Creating a Service for Sensitive Data with Spring and Redis

Many companies work with user-sensitive data that can’t be stored permanently due to legal restrictions. Usually, this can happen in fintech companies. The data must not be stored for longer than a predefined time period and preferably should be deleted after it was used for the service purposes. There are multiple possible options to solve this problem. In this post, I would like to present a simplified example of an application that handles sensitive data leveraging Spring and Redis.

Redis is a high-performance NoSQL database. Usually, it is used as an in-memory caching solution because of its speed. However, in this example, we will be using it as the primary datastore. It perfectly fits our problem’s needs and has a good integration with Spring Data.

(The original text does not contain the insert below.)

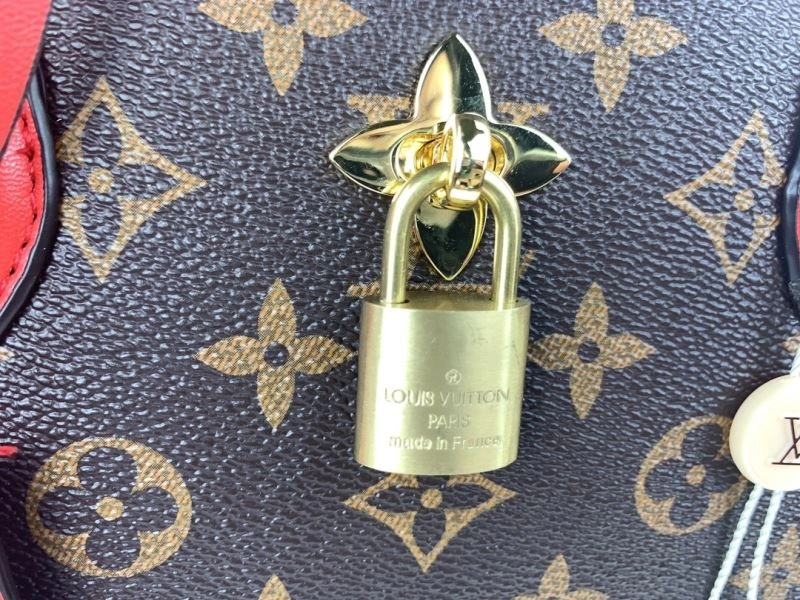 UrbanChic Louis Vuitton Top Handle Bags 79179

We will create an application that manages a user's full name and card details (as an example of sensitive data).  Card details will be passed (POST request) to the application as an encrypted string (just a normal string for simplicity). The data will be stored in the DB for 5 minutes only. After the data is read (GET request) it will be automatically deleted.

The app is designed as an internal microservice of the company without public access. The user’s data can be passed from a user-facing service. Card details can then be requested by other internal microservices, ensuring sensitive data is kept secure and inaccessible from external services.

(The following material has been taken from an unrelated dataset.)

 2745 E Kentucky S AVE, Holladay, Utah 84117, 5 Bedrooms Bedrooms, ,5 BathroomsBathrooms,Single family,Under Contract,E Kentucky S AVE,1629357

Initialise Spring Boot project

Let’s start creating the project with Spring initializr. We will need Spring Web, Spring Data Redis, Lombok. I also added Spring Boot Actuator as it would definitely be useful in a real microservice.

After initializing the service we should add other dependencies. To be able to delete the data automatically after it has been read we will be using AspectJ. I also added some other dependencies that are helpful for the service and make it look more realistic (for a real-world service you would definitely add some validation for example).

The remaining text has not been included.